_Data excerpt:_
....

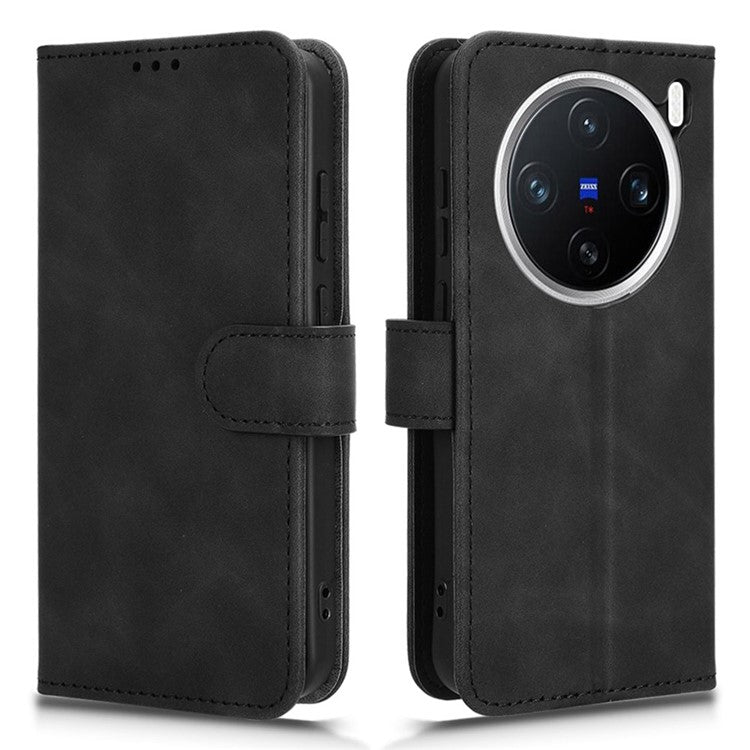 For vivo X200 5G Leather Case Skin-Feel Anti-Drop Wallet Flip Phone Cover - Black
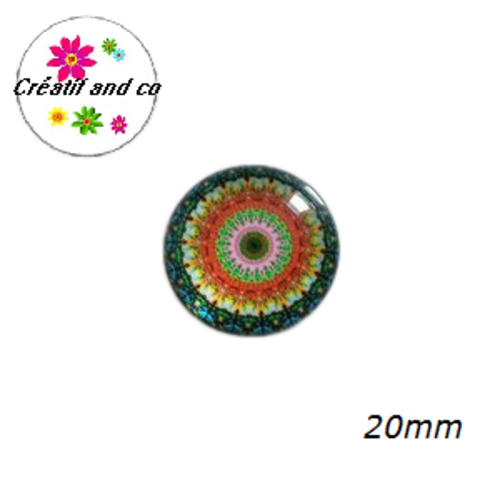 Cabochon motif fleur de datura 20mm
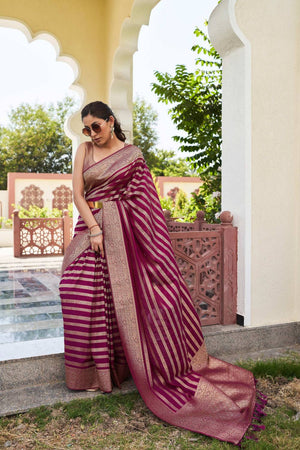 Maroon Woven Georgette Saree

....

_Requirement:_ Without any pictures, print the whole listing again exactly as it stands.

_Task solution:_
 For vivo X200 5G Leather Case Skin-Feel Anti-Drop Wallet Flip Phone Cover - Black
 Cabochon motif fleur de datura 20mm
 Maroon Woven Georgette Saree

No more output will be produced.